▶ [What to produce] Down to the last line, retype the records below exactly and skip the pictures.

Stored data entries
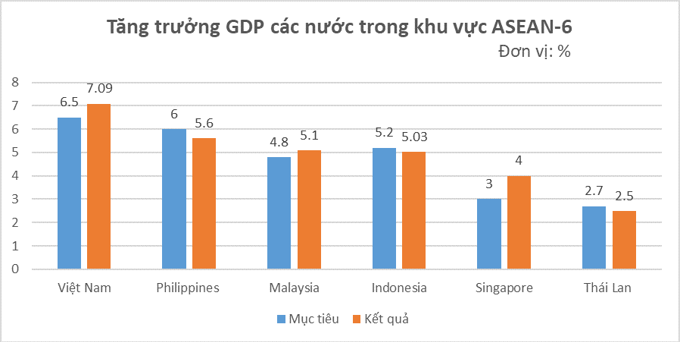Việt Nam đứng đầu về tăng trưởng GDP năm 2024 trong ASEAN-6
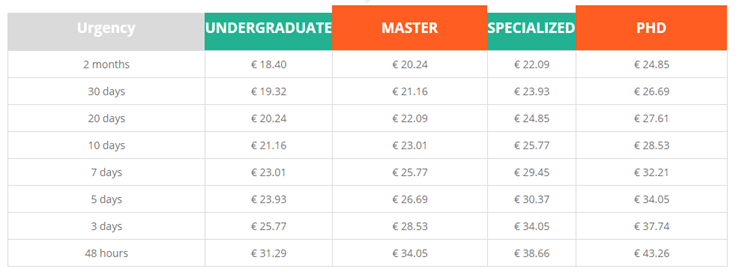 EduGeeksClub.com prices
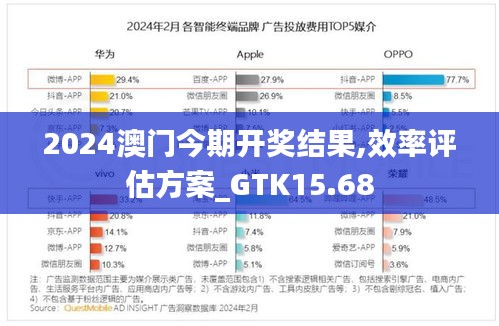 2024澳门今期开奖结果,效率评估方案_GTK15.68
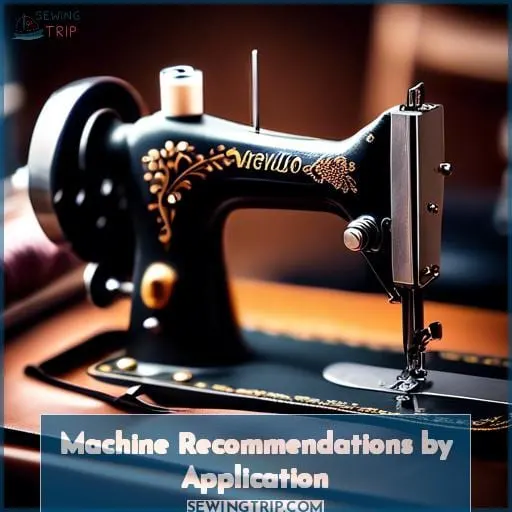 Machine Recommendations by Application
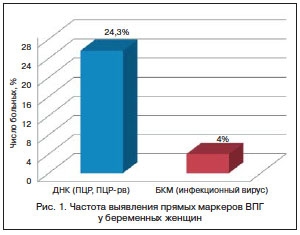 vyyavlenie-markerov-gerpeticheskoj-infektsii-u-beremennykh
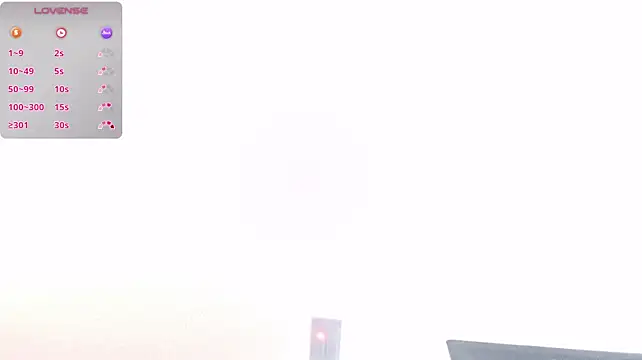 Dakotagloss' Live XXX Chat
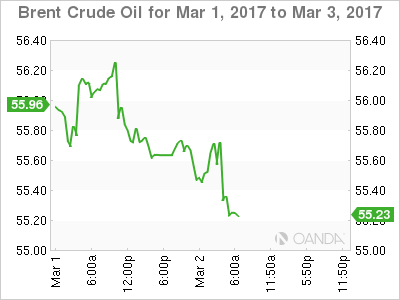 Brent Crude Mar 1 to Mar 3, 2017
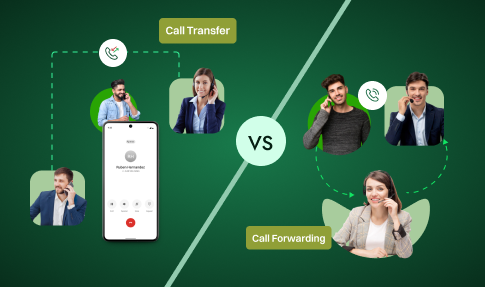 Call Transfer Vs Call Forwarding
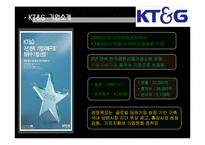 [재무관리] 칼아이칸의 k&g 경영권 위협-4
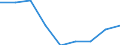 Unit of measure: Number / Economical indicator for structural business statistics: Population of active enterprises in t - number / Size classes in number of employees: Total / Statistical classification of economic activities in the European Community (NACE Rev. 2): Industry, construction and services except activities of holding companies / Metropolitan regions (historical): Verona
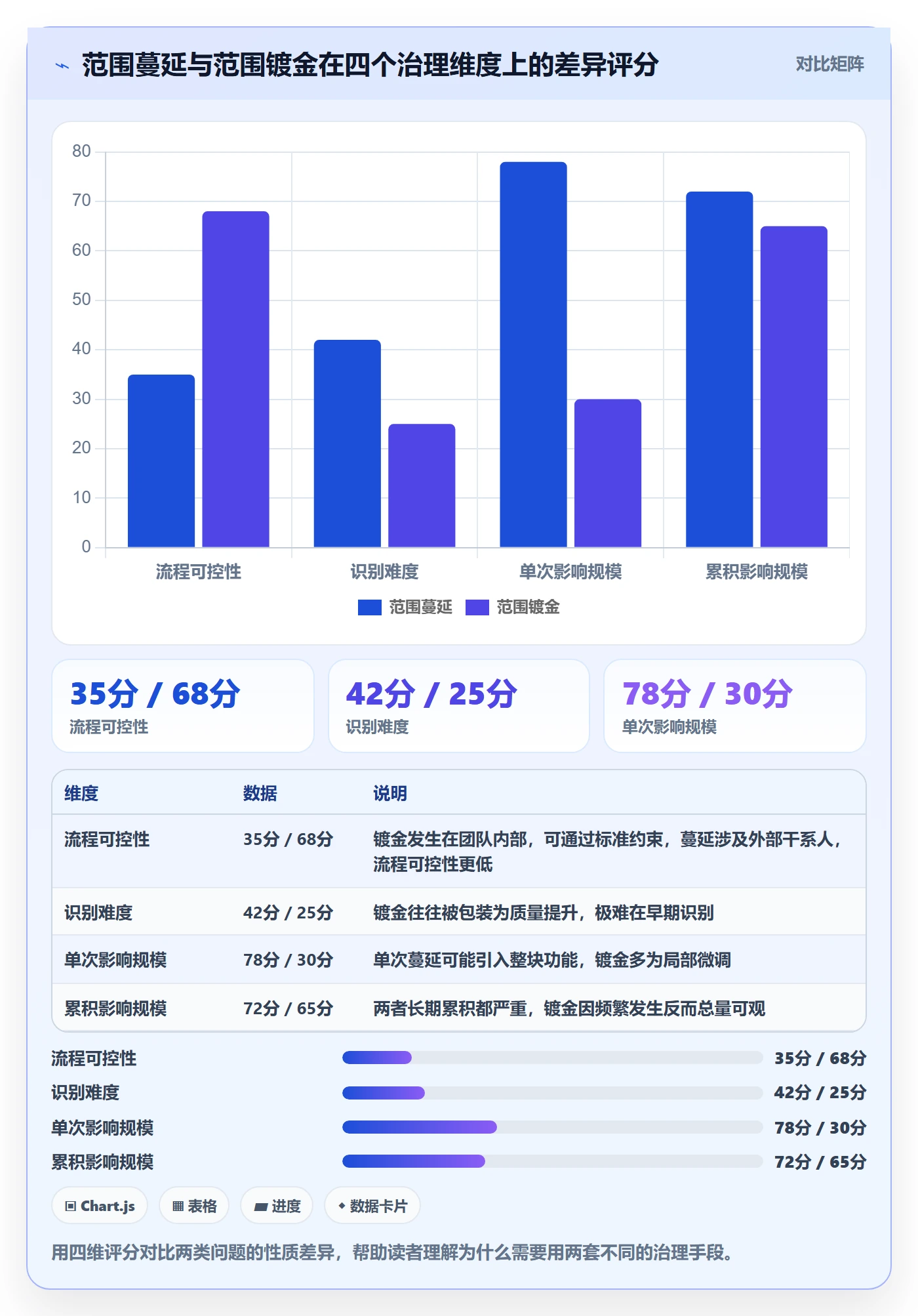 项目范围Scope全流程:项目成员实操方法与一文讲清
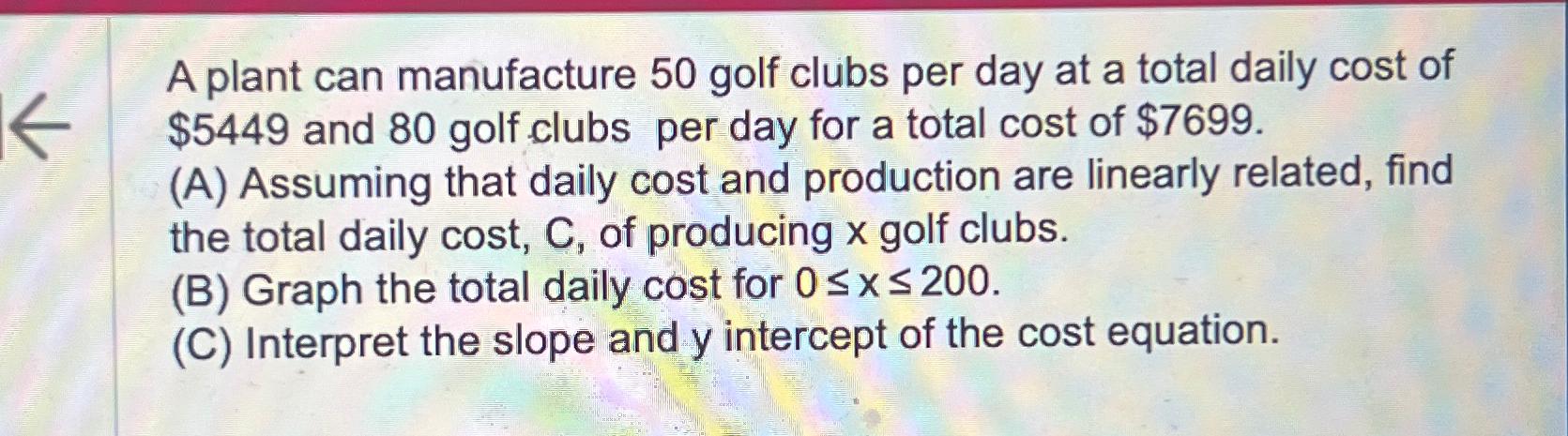 Solved A Plant Can Manufacture 50 Golf Clubs Per Day At A Chegg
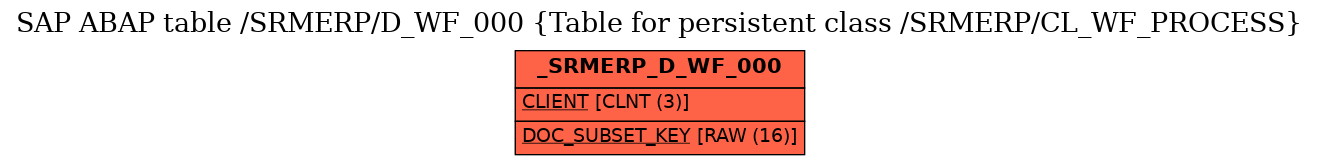 E-R Diagram for table /SRMERP/D_WF_000 (Table for persistent class /SRMERP/CL_WF_PROCESS)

▶ [Response to this exercise]
Việt Nam đứng đầu về tăng trưởng GDP năm 2024 trong ASEAN-6
 EduGeeksClub.com prices
 2024澳门今期开奖结果,效率评估方案_GTK15.68
 Machine Recommendations by Application
 vyyavlenie-markerov-gerpeticheskoj-infektsii-u-beremennykh
 Dakotagloss' Live XXX Chat
 Brent Crude Mar 1 to Mar 3, 2017
 Call Transfer Vs Call Forwarding
 [재무관리] 칼아이칸의 k&g 경영권 위협-4
 Unit of measure: Number / Economical indicator for structural business statistics: Population of active enterprises in t - number / Size classes in number of employees: Total / Statistical classification of economic activities in the European Community (NACE Rev. 2): Industry, construction and services except activities of holding companies / Metropolitan regions (historical): Verona
 项目范围Scope全流程:项目成员实操方法与一文讲清
 Solved A Plant Can Manufacture 50 Golf Clubs Per Day At A Chegg
 E-R Diagram for table /SRMERP/D_WF_000 (Table for persistent class /SRMERP/CL_WF_PROCESS)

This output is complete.